Idea of state airline service didn’t pan out
The idea of saving money on thousands of trips between Reno and Las Vegas by setting up an air service for state workers just didn’t pencil out, according to Deputy Purchasing Director Kimberlee Tarter.
The idea was proposed in April and purchasing decided to issue a Request for Proposal to see what airline companies would come up with.
“It was an idea that was definitely worth looking at,” said Tarter. “It was important to us to make sure when somebody offered the idea, that there wasn’t something out there that would better serve our needs and reduce costs.”
They were hoping to reduce the use of Southwest, which cost the state $3.1 million for 31,450 flights between Reno and Las Vegas in 2007.
And Tarter said the state received responses to the idea.
“After looking at the options, it really came down to the fact that we weren’t able to come up with something to provide greater cost savings to the state than Southwest Airlines.
She said California went through a similar process and also decided to remain with Southwest.
“We canceled that solicitation after looking at the proposals,” she said. “They (Southwest) continue to provide the lowest fares and most reliable service with the greatest number of flights.”
Tarter said the best rates the state gets is about $49 each between Reno and Las Vegas.
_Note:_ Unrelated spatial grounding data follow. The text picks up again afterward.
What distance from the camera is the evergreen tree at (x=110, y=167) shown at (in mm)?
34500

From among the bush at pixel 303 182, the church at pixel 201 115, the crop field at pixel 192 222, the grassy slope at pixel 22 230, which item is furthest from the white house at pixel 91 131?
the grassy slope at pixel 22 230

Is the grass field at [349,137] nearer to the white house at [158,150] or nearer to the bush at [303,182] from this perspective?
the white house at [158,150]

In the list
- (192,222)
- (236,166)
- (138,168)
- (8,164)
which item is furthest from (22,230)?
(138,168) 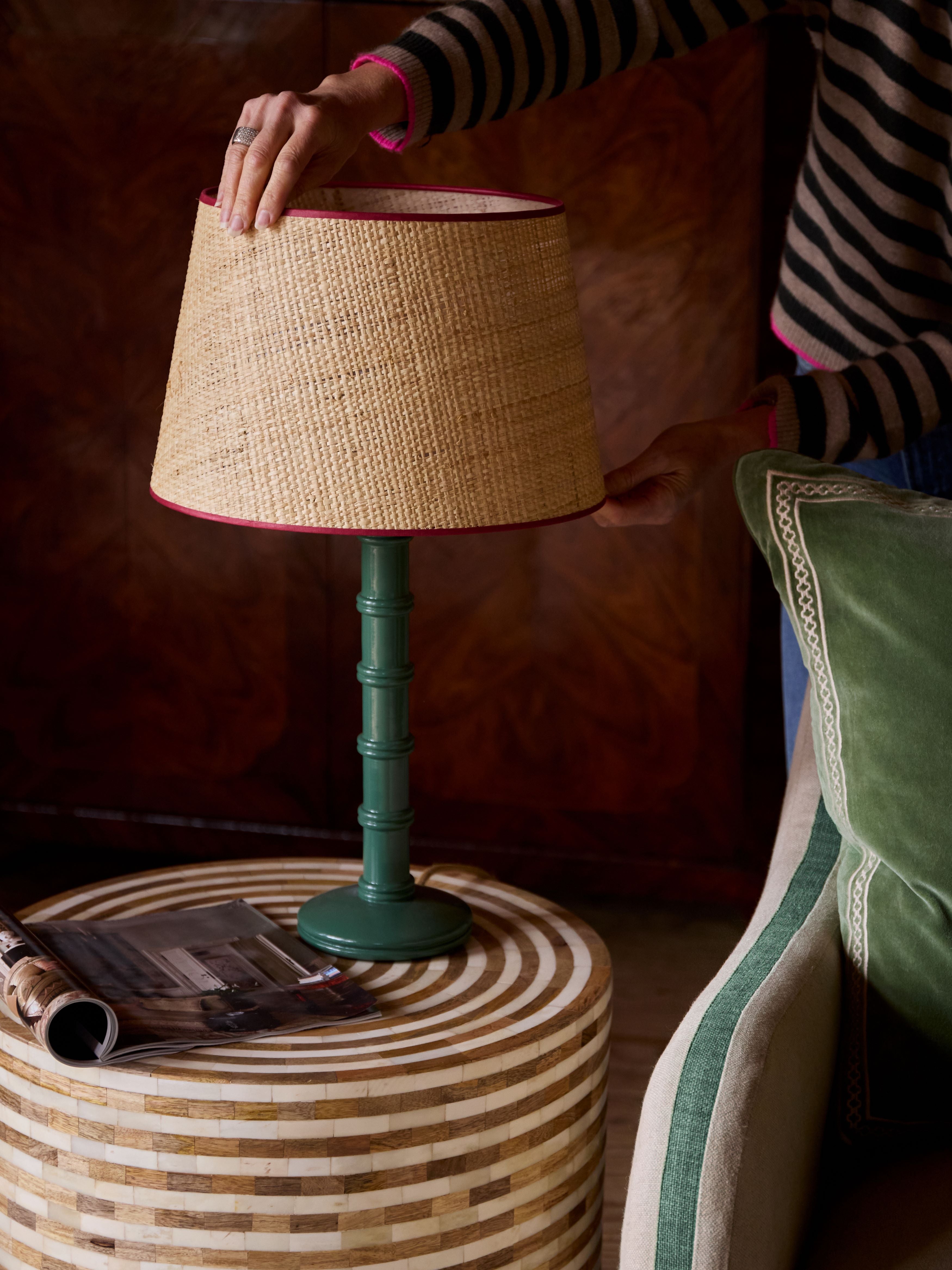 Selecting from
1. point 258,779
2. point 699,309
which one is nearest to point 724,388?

But she said that’s for flights booked 21 days in advance. Flights booked with just one day’s notice, she said, cost about $250 for a round trip between north and south.
Department heads are mandating that, except in emergency situations, all travel be planned well in advance to get that rate.
“With what happened with the budget, it’s more important to utilize that low fare option,” she said.
She said the budget shortfall has dramatically changed how most agencies handle travel.
“You don’t need to travel,” she said. “We’re doing a lot more committee meetings by way of teleconference.”
Andrew Clinger, director of administration, said video-teleconferencing equipment has gotten so much better over the past few years that it’s not necessary to travel as much anymore. He cited a recent meeting of the Interim Finance Committee to discuss budget cuts which was video-cast from sites in Reno, Carson City, Las Vegas and Elko. None of the lawmakers and other state officials involved had to travel to attend and participate.
As a result, the total number of state-purchased flights is expected to be down significantly this year.
Clinger said he doesn’t see that changing even after the economy recovers and the state’s financial picture improves.
Many agencies cut travel to reduce spending this year, using video teleconferencing instead. He said that money won’t be put back into budgets and he expects the video conference to become the norm.
“If it’s not part of their core business, we’ve told them not to restore travel,” he said.